Evaluation of the LON-CAPA project

There are several studies that report positive impact on student achievement when using technology [e.g., 36], while many indicate no significant difference [23]. We need to better understand when, where, and how the use of technology enhances education as opposed to be simply mediating it.

  • To evaluate the success of the networked technology with respect to student learning, historical data concerning student performance in comparable courses prior to implementation of the technology will be obtained from LON-CAPA users. Such data, in combination with data concerning student performance using the technology, will allow us to compare student achievement with and without technology and some insight into the effects of the technology on actual student outcomes can be obtained. To this end, educators who use resource materials will be requested to share information concerning student performance in their courses prior to implementing the technology. They will also be asked to provide information concerning student outcomes when the technology was used in the course. (All student data will be anonymous.) In addition to student performance data, instructors will be asked to provide copies of their course materials (e.g., hand-outs, assignments, examinations) from their pre-technology courses as well as from their courses using LON-CAPA. These materials will be examined by a panel of faculty experts to determine whether and to what degree the content of the course was affected by the implementation of the technology.
  • A comparison study for four different approaches to teaching introductory physics content will be conducted. The different approaches will include a conventional large lecture format with hand-graded homework assignments, a conventional large lecture format with computer-graded homework assignments (using the LON-CAPA system for homework, quizzes, and examinations), a completely web-based format with weekly online homework assignments, and a completely self-paced format with on-demand exams. Although all of these models are in current use, either at MSU or at other universities, there presently is no study that can directly test the relative effectiveness of the four formats. To make such a direct comparison, a subset of identical problems must be included on examinations so that there is equivalence in the outcome measure.

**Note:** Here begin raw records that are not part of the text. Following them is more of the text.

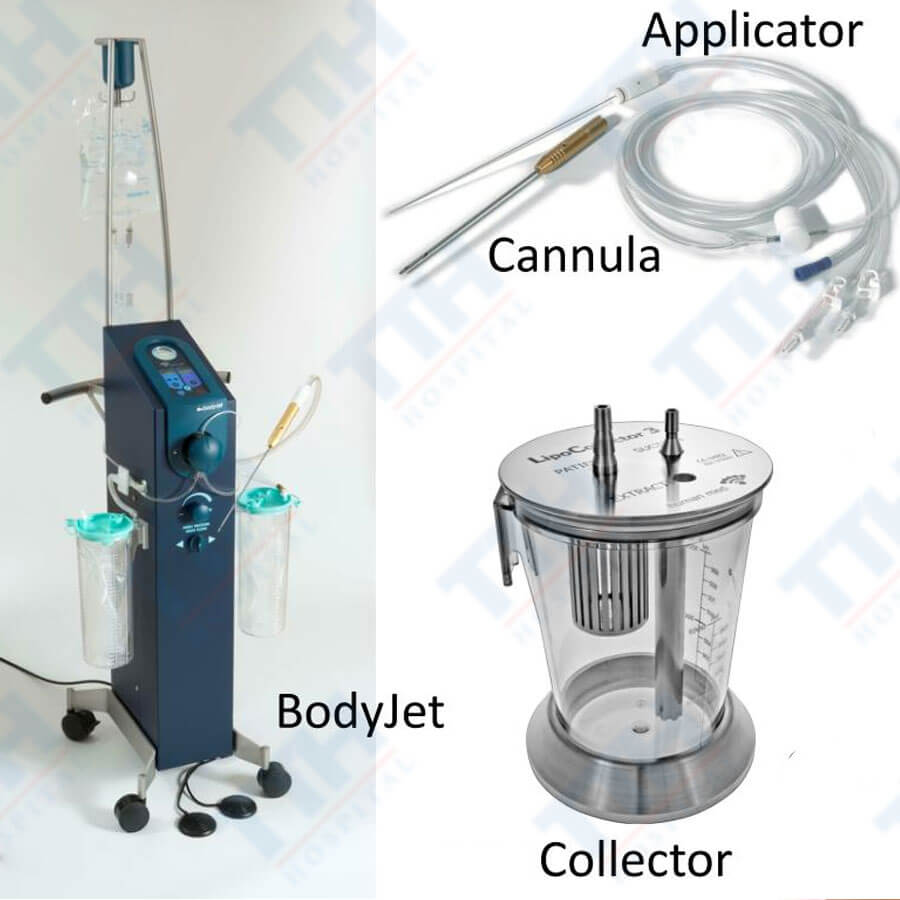 Lợi Ích Của Hút Mỡ Body Jet So Với Các Phương Pháp Truyền Thống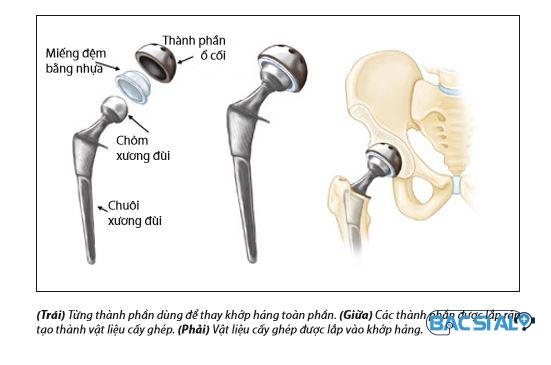 Phau thuat thay khop hang Phẫu thuật thay khớp khi cần thiết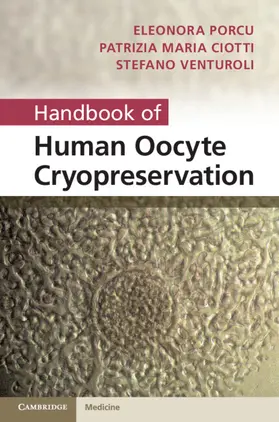 Porcu / Ciotti / Venturoli |  Handbook of Human Oocyte Cryopreservation | Buch |  Sack Fachmedien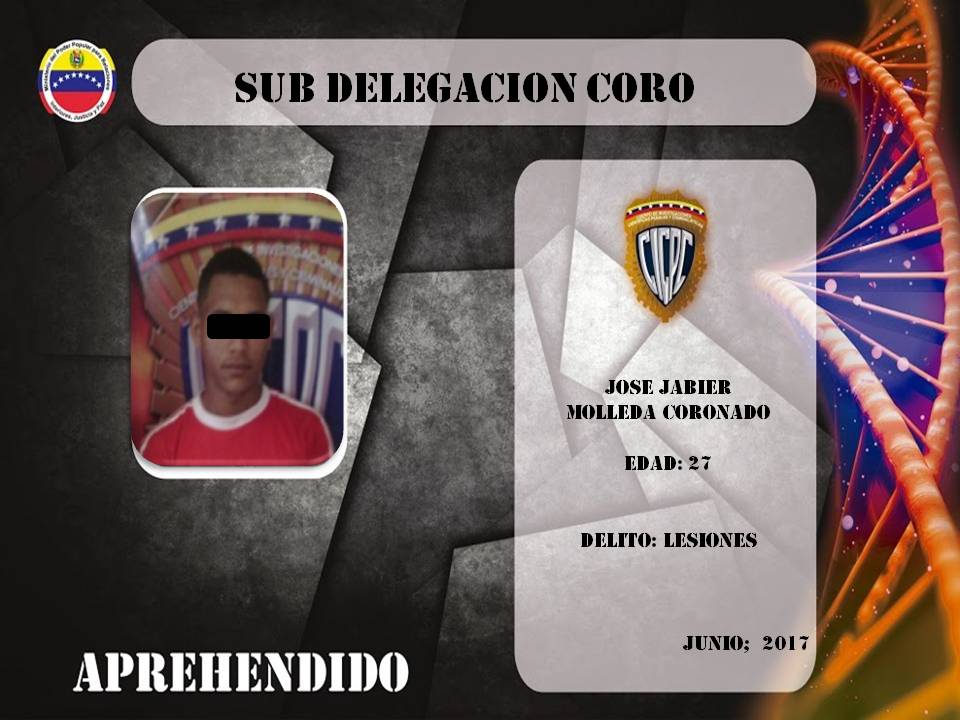 @sdcorocicpc CAPTURA SUJETO POR DELITO DE LESIONES EN EL MUNICIPIO MIRANDA <a href="/cramirezCICPC/">Ramirez CICPC</a> <a href="/cacsvzla/">Cesar Cardenas</a>
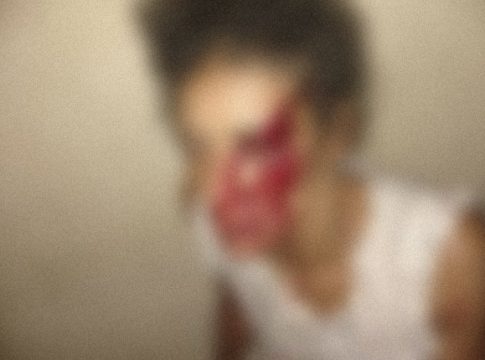 Garota de programa é espancada em ‘casa das primas’, foge e pede ajuda na polícia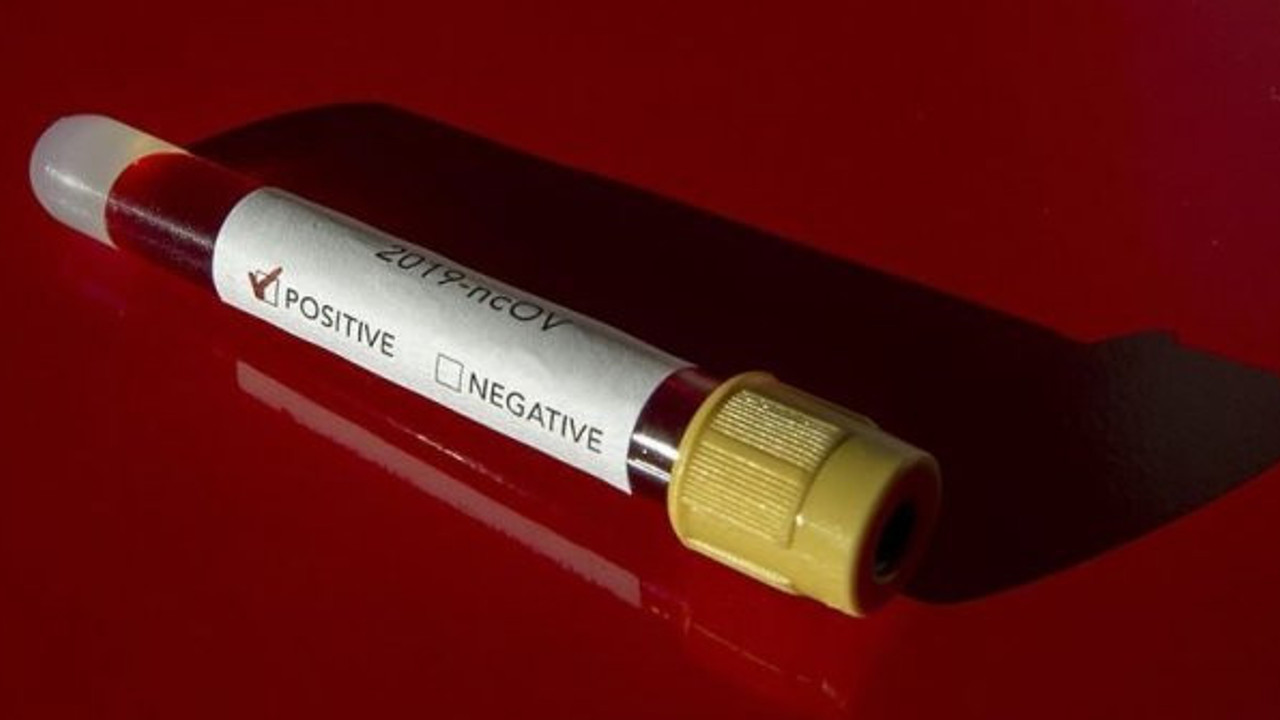 Corona virüs üç ülkede daha görüldü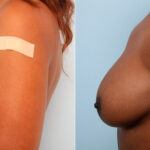Breast Augmentation before and after photos in Houston, TX, Patient 41728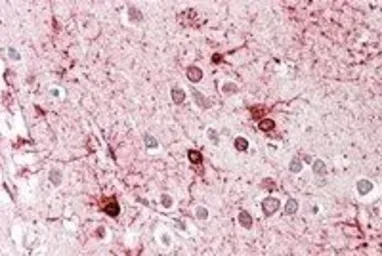 Anti-GLUD1 + GLUD2 antibody, Internal used in IHC (Paraffin sections) (IHC-P). GTX88164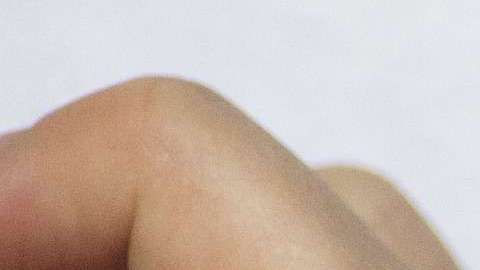 La diabetes también puede causar enfermedades cardíacas, derrames cerebrales y la necesidad de amputar un miembro.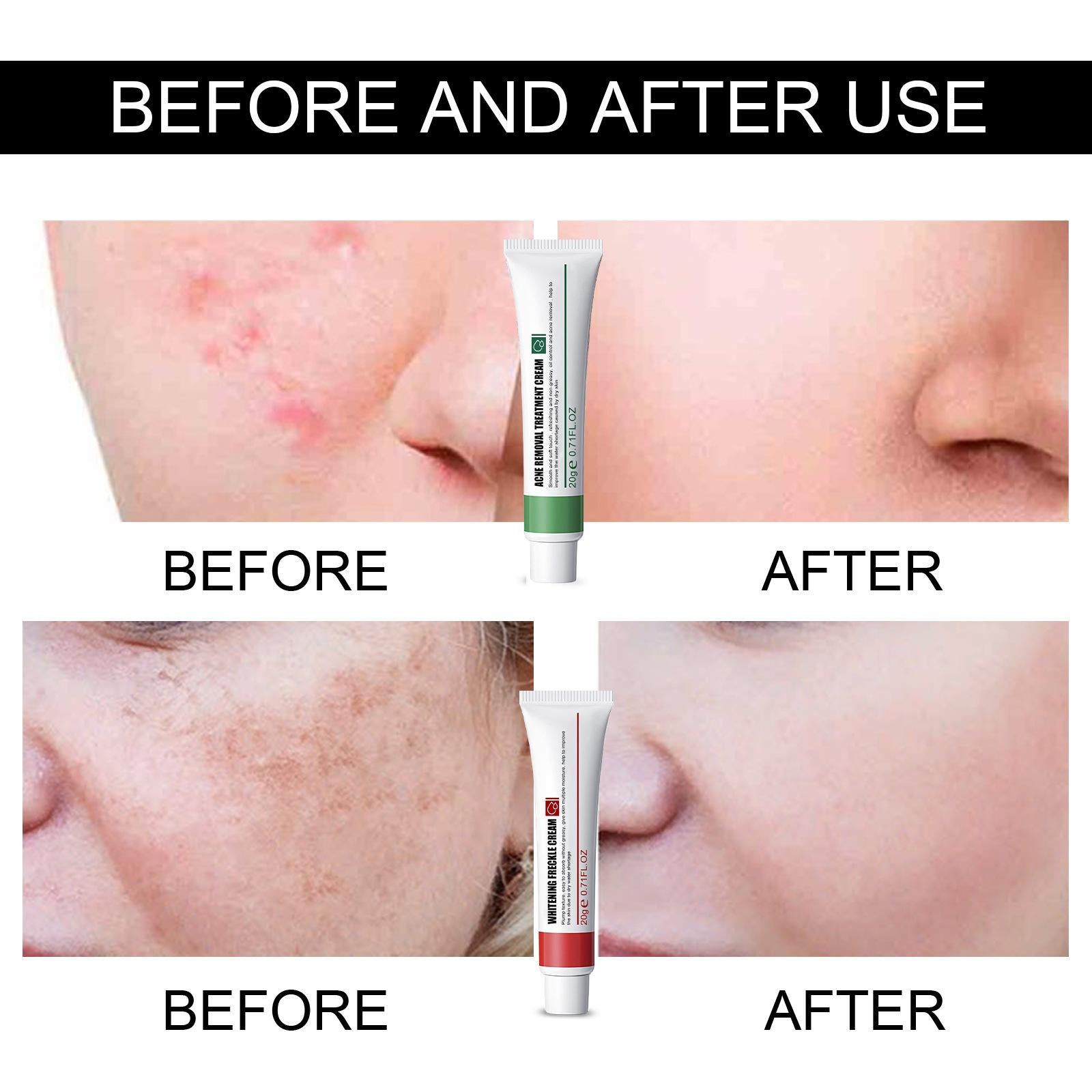 4xFreckle Cream Moisturizer Repair Cream for Melasma Dark Spots Moisturizing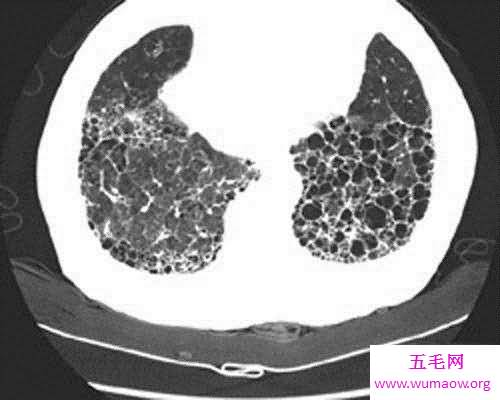 肺部纤维化病因原由介绍 症状以及治疗方法介绍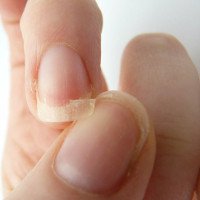 Móng tay dễ gãy: 6 nguyên nhân thường gặp và cách khắc phục nhanh chóng
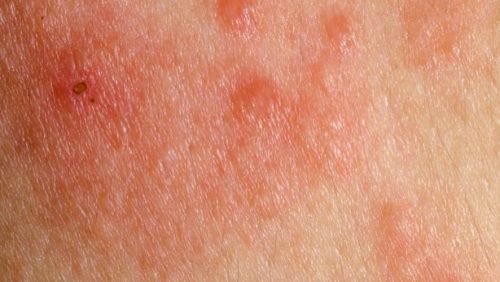 6 symptom på hudcancer du inte borde ignorera Steg för Hälsa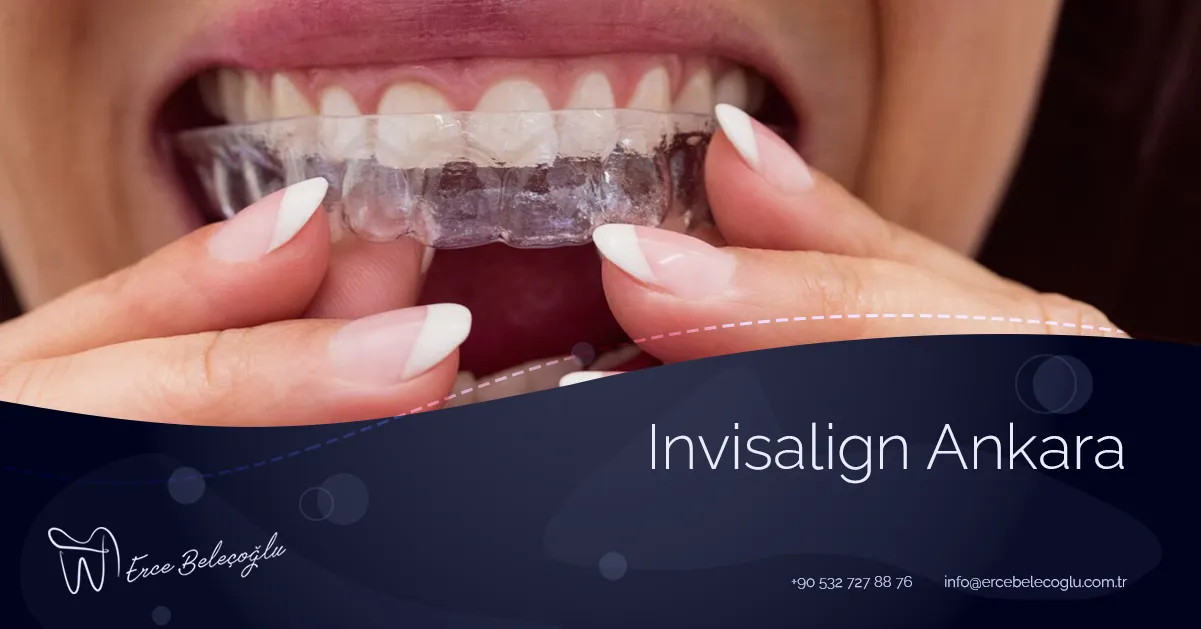 Invisalign Ankara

Although it will not be possible to randomly assign students to the four formats, possible confounding variables such as intelligence/ability will be measured and controlled statistically using analysis of covariance.

 

Evaluation of content representations and their effectiveness in different subject categories

A large diverse resource pool, together with standardized measuring mechanisms, provides a unique opportunity to study the relative effectiveness of various media types (static web pages, graphics, audio-files, simulations, problems, …) and formats (textual, mathematical, audio-visual, …). Because a large number of instances of each type of content representation will be available (the type being identified by metadata), the investigators will be able to pool information while averaging over the specific instances. Thus, we will be able to determine whether some types of media are most effective in conveying information overall, irrespective of their specific educational content domain. In fields for which a wide range of materials have been posted into the resource pool, the question of which representation is most effective can be tested separately by content domain

 

Evaluation of content representations and their effectiveness for different types of students

Educational specialists suggest that the effectiveness of content representations varies substantially from individual to individual [29,30,35]. The current proposal will allow us to study several questions concerning what types of students benefit most from various media types and formats.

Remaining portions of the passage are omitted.